_Given material_:
_ _ _ _ _
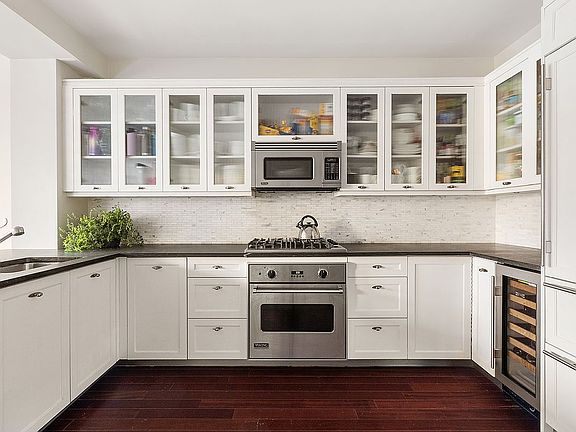 4th image of 80 Riverside Blvd APT 5J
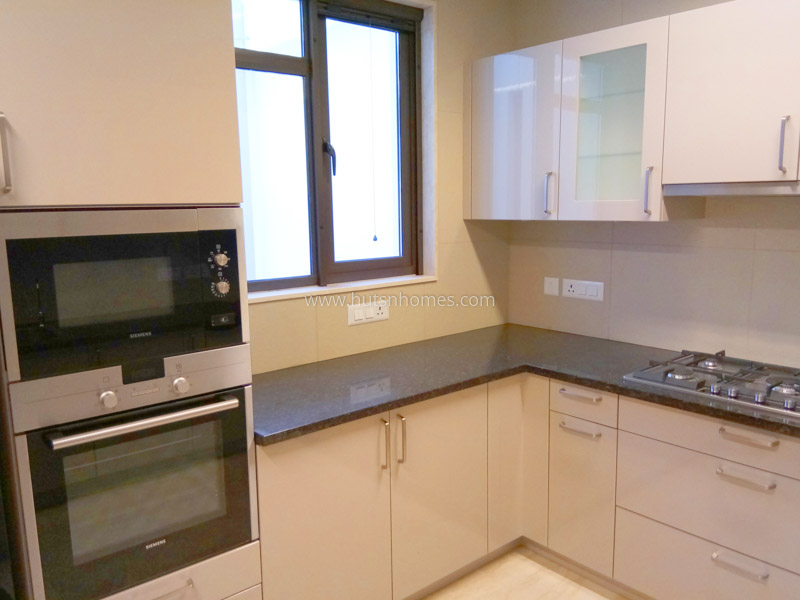 4 BHK Flat For Rent in West End Colony
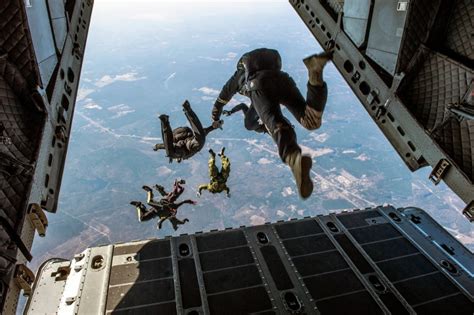 高空跳伞的人物图片(8张)_运动体育_PS家园网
_ _ _ _ _
_What you should do_: Wherever the listing shows a picture, omit it and output the rest exactly as given.

_Answer to the problem_:
 4th image of 80 Riverside Blvd APT 5J
 4 BHK Flat For Rent in West End Colony
 高空跳伞的人物图片(8张)_运动体育_PS家园网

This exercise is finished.